- Film poster
- Directed by: Hari Charan Prasad
- Screenplay by: Hari Charan Prasad
- Based on: A Stir of Echoes by Richard Matheson
- Starring: Shafi Mithuna Maadhavi Latha
- Cinematography: Murali Mohan Reddy
- Edited by: Ravindra Babu
- Music by: Score: Sri Vasanth Songs: Vidya Swarna
- Production company: Apoorva Chitra
- Release date: 23 January 2009;
- Country: India
- Language: Telugu

= Shh... =

Shh… Idhi Chaala Manchi Ooru is a 2009 Indian Telugu-language thriller film directed by Hari Charan Prasad and starring Shafi, Mithuna and Maadhavi Latha.

==Plot==
In a village, a girl dies in an accident because of a few foolish youngsters. A doctor and his wife rent out the house in which the girl used to live in.

== Cast ==
- Shafi as the doctor
- Mithuna as the doctor's wife
- Maadhavi Latha as Seeta
- Siva Krishna
- Roopa Devi as the occult practitioner
- Rallapalli

== Production ==
The film was initially supposed to be titled Alajadi but the title rights were held by K. Raghavendra Rao. The title of the film refers to the death of the girl in the story that is unknown to the outside world. This film is produced by Charanaprasad and Sukanya, who earlier produced Kamli (2006). Shafi went to a medical college to prepare for his role. Maadhavi Latha was initially given the role assigned for Mithuna before she requested to change her role. The film was shot in 45 days.

== Soundtrack ==
Sri Vasanth, grandson of Satyam, made his debut as a composer through this film.
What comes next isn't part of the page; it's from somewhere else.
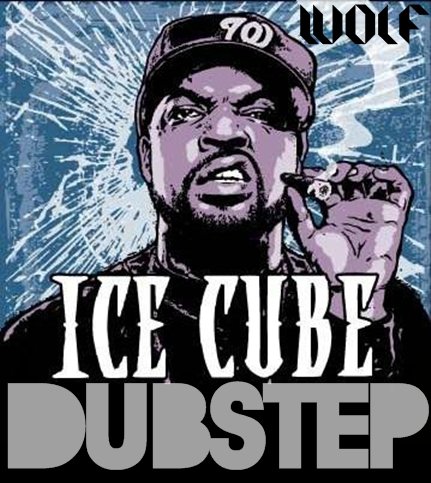 Today Is A Good Day Ice Cube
Vidya and Swarna, each composed a song in the film. All lyrics were written by Veturi.
- "Evaro Evaro" - K. S. Chithra, Karthik, Geetha Madhuri
- "Oohala Pallaki" - K. S. Chithra
- "Theme Music"
- "Theme Music"

== Reception ==
Jeevi of Idlebrain.com rated the film 2.5/5 and wrote, "This kind of story has commercial appeal to it, but the director treated it more like an art film". The film was a box office failure.